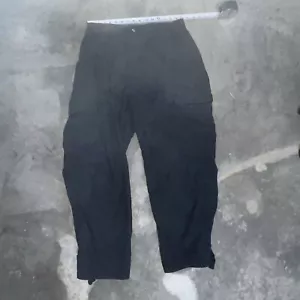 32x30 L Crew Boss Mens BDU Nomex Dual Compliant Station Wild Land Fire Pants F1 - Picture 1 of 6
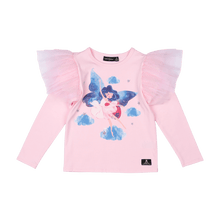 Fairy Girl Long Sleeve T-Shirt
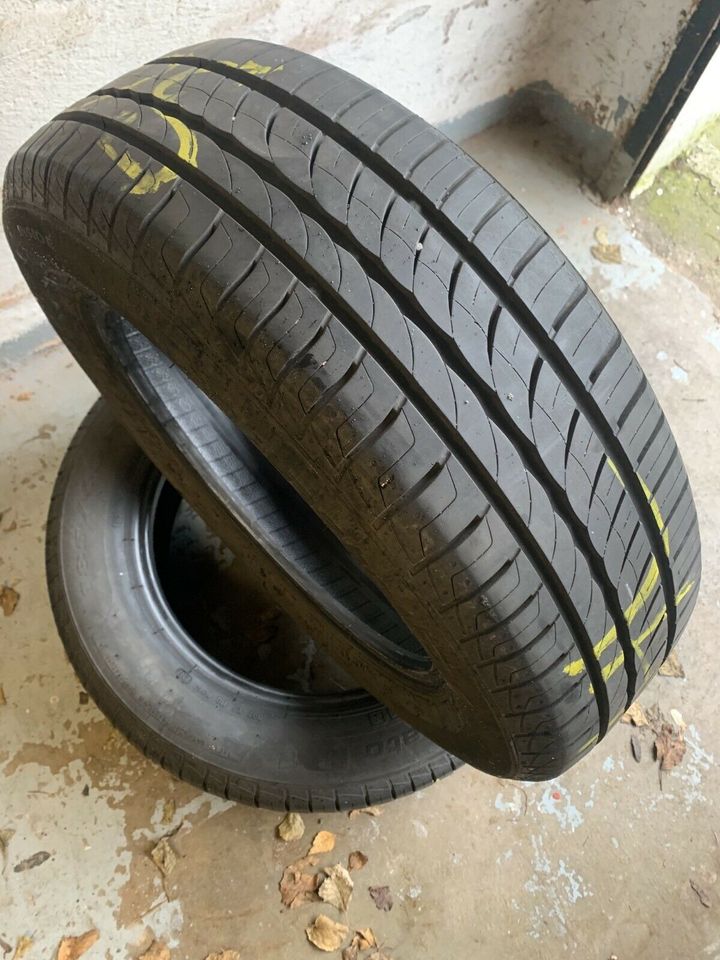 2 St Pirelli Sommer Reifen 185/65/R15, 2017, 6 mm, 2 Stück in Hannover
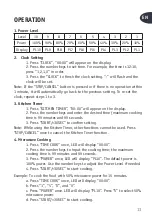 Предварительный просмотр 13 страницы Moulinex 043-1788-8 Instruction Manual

════════════════

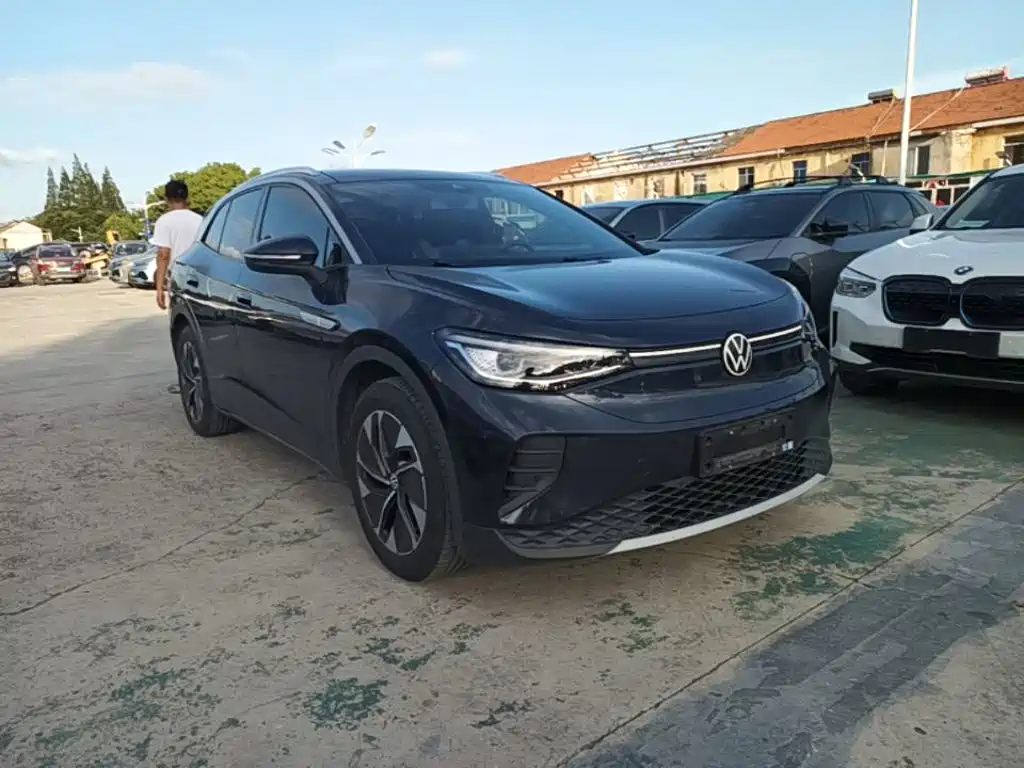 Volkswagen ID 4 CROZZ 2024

════════════════

Give again, exactly as written above, every line from the one holding "32x30 L Crew" to the one holding "Предварительный просмотр 13", with both ends kept and the pictures left out.

 32x30 L Crew Boss Mens BDU Nomex Dual Compliant Station Wild Land Fire Pants F1 - Picture 1 of 6
 Fairy Girl Long Sleeve T-Shirt
 2 St Pirelli Sommer Reifen 185/65/R15, 2017, 6 mm, 2 Stück in Hannover
 Предварительный просмотр 13 страницы Moulinex 043-1788-8 Instruction Manual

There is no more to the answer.